## Introduction

- When we navigate our visual environment we process high-dimensional visual information into low-D "abstractions" or representations
- The primate visual cortex learns to extract this low-D information in a way that is highly concurrent, extracting several independent facets of a scene (object identity, position, pose, etc) simultaneously .

- The visual cortex learns to extract this information predominantly unsupervised; with minimal or no labels or ground truth reference values



## Motivating questions
- The brain has finite "space" (in numbers of neurons) to represent these abstractions so how do we allocate them?
- Does this allocation change if our environment changes?

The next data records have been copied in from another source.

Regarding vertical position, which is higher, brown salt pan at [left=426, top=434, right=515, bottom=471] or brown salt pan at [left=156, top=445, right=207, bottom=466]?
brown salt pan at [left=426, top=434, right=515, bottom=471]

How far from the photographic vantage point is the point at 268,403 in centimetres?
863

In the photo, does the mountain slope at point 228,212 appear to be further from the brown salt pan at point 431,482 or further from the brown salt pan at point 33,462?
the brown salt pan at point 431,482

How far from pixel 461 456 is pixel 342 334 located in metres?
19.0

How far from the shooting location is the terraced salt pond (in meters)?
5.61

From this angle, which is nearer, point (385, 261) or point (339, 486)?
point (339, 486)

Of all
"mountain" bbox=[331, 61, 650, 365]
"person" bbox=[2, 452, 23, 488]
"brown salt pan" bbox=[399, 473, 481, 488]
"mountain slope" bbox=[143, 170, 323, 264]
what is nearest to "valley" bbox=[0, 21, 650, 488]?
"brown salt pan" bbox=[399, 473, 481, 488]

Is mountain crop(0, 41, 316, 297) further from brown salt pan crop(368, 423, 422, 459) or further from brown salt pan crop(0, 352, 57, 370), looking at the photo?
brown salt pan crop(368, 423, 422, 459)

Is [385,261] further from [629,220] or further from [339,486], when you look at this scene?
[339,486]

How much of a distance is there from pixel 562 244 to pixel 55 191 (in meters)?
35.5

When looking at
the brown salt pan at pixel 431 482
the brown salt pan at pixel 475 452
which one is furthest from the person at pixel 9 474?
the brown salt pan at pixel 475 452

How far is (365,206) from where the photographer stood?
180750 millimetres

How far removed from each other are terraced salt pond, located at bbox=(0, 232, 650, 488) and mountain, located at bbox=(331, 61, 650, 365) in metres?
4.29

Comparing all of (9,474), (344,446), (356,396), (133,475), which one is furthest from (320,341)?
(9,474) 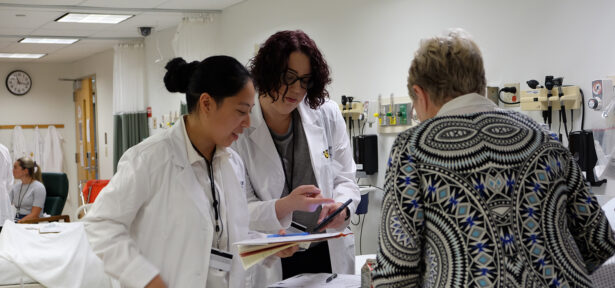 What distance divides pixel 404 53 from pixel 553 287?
3938 millimetres

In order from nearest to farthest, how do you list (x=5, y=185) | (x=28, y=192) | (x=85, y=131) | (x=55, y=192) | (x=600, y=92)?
(x=600, y=92), (x=5, y=185), (x=28, y=192), (x=55, y=192), (x=85, y=131)

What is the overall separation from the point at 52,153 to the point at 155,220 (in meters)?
10.5

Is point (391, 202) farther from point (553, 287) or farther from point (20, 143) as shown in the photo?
point (20, 143)

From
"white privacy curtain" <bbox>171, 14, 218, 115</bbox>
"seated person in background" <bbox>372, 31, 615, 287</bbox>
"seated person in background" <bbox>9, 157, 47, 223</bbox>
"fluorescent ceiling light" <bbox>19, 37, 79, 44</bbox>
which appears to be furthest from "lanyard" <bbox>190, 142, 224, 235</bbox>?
"fluorescent ceiling light" <bbox>19, 37, 79, 44</bbox>

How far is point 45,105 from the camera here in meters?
11.8

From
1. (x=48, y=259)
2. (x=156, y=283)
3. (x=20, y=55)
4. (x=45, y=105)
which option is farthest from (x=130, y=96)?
(x=156, y=283)

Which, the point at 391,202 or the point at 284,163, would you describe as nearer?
the point at 391,202

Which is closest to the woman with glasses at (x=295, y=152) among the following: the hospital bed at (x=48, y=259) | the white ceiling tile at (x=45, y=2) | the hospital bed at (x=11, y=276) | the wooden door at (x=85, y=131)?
the hospital bed at (x=48, y=259)

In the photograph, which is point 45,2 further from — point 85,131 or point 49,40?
point 85,131

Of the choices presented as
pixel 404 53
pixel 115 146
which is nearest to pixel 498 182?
pixel 404 53

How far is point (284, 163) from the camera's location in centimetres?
239

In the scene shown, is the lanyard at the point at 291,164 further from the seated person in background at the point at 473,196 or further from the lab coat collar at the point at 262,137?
the seated person in background at the point at 473,196

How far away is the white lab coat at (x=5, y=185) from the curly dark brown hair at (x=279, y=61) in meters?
5.44

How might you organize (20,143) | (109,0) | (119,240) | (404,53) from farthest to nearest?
(20,143), (109,0), (404,53), (119,240) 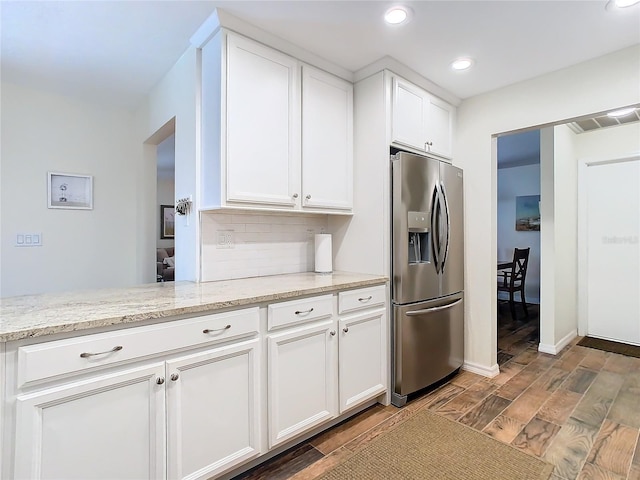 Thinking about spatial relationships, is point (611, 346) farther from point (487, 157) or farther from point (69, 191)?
point (69, 191)

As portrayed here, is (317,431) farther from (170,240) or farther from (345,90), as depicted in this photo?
(170,240)

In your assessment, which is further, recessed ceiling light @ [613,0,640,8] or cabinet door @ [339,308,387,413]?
cabinet door @ [339,308,387,413]

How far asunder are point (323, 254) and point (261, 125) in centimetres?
105

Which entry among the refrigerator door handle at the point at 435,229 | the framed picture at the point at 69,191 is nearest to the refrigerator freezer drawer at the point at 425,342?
the refrigerator door handle at the point at 435,229

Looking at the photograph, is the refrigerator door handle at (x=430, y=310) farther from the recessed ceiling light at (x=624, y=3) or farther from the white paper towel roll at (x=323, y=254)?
the recessed ceiling light at (x=624, y=3)

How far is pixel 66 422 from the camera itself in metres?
1.19

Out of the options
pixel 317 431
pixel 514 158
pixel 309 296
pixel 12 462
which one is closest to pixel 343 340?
pixel 309 296

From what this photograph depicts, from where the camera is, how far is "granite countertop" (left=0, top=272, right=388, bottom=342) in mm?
1176

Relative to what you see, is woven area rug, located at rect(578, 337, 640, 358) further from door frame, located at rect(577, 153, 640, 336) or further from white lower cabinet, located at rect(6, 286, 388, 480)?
white lower cabinet, located at rect(6, 286, 388, 480)

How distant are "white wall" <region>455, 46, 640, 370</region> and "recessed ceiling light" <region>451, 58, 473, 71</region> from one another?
0.57 metres

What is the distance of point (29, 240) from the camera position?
3.03m

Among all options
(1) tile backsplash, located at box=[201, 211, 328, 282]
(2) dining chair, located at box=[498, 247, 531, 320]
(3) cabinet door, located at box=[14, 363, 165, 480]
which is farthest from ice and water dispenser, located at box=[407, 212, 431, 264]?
(2) dining chair, located at box=[498, 247, 531, 320]

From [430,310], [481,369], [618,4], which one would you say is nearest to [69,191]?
[430,310]

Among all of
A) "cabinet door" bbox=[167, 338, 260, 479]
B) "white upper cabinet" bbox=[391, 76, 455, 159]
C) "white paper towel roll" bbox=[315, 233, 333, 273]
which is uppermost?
"white upper cabinet" bbox=[391, 76, 455, 159] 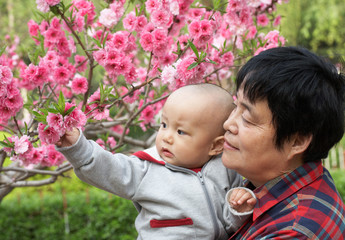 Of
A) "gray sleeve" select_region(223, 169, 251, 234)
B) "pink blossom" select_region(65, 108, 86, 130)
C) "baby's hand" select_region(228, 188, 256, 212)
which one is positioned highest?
"pink blossom" select_region(65, 108, 86, 130)

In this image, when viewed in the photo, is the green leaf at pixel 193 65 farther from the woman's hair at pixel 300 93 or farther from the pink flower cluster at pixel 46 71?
the pink flower cluster at pixel 46 71

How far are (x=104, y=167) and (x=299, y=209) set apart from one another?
0.66m

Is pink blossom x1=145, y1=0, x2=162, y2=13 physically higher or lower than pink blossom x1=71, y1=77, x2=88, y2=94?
higher

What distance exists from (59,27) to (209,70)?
94 cm

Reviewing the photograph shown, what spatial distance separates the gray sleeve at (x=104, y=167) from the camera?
4.79 feet

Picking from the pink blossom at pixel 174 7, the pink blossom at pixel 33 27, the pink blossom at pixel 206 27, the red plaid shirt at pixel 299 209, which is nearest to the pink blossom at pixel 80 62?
the pink blossom at pixel 33 27

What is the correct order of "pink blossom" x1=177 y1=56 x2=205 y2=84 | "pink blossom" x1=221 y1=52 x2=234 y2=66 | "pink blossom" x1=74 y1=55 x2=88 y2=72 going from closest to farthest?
"pink blossom" x1=177 y1=56 x2=205 y2=84
"pink blossom" x1=221 y1=52 x2=234 y2=66
"pink blossom" x1=74 y1=55 x2=88 y2=72

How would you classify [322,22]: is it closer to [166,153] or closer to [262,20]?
[262,20]

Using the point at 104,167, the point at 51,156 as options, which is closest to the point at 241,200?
the point at 104,167

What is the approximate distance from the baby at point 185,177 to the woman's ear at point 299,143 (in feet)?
0.76

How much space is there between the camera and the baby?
5.31 ft

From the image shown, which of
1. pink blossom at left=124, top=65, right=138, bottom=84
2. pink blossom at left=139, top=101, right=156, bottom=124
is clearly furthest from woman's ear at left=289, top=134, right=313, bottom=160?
pink blossom at left=139, top=101, right=156, bottom=124

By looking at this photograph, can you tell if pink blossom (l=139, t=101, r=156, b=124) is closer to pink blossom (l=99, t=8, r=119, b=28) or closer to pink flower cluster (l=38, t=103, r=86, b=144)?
pink blossom (l=99, t=8, r=119, b=28)

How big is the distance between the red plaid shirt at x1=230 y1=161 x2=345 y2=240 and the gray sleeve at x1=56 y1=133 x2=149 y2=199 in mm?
421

How so?
- How do we learn to allocate representational space efficiently as a function of our inputs (e.g. visual invironment)?
- How does a single network extract multi-faceted abstractions from a common input (e.g.  that extracts space, category, style from single input)

## Approach

- Create an autoencoder that learns several orthogonal features
- Use semi-supervised training by evaluating its reconstructions of the input
- Analyze the represented space

### Dataset

We can generate an image dataset that contains varying amounts of spatial shifts (dx,dy) and if the network learns this property

### Model

#### Architecture
We use an architecture depicted in the middle (S-AE)

![mod](https://raw.githubusercontent.com/elijahc/tensorflow-generative-model-collections/master/assets/etc/S-AE_structures.png)

- Z latent space has 25 units
- I latent space has 10 for One-Hot encoding of class

#### Loss
The model is trained using a 3-part weighted loss function comprised of:
- Categorical cross-entropy between Identity latent space $I$ and the true class $y$:
    - $XEntropy\big(y_i,I_i\big)$
    
- Mean squared error between the input, $x$, and reconstruction $g(x)$:
    - $MSE\big(x_i,g(x_i)\big)$
    
- Activation cross covariance between the latent spaces
    - $XCov\big(Z, I\big)$
    
$$
Loss = \alpha \cdot XEntropy\big(y_i,I_i\big) + \beta \cdot MSE\big(x_i,g(x_i)\big) + \gamma \cdot XCov\big(Z, I\big)
$$

#### Training

- 5% of training data (n=60000) was withheld as a validation set for determining learning plateau
- All models were trained until validation loss improvement on the last 5 trials fell below 0.05 

## Methods

### Style Embedding

Cheung et al show that split autoencoder networks tend to represent "style" when forced to use Z for learning category-orthogonal info

To measure the degree that Z represents style we would like a contiguous metric or property that represents "style".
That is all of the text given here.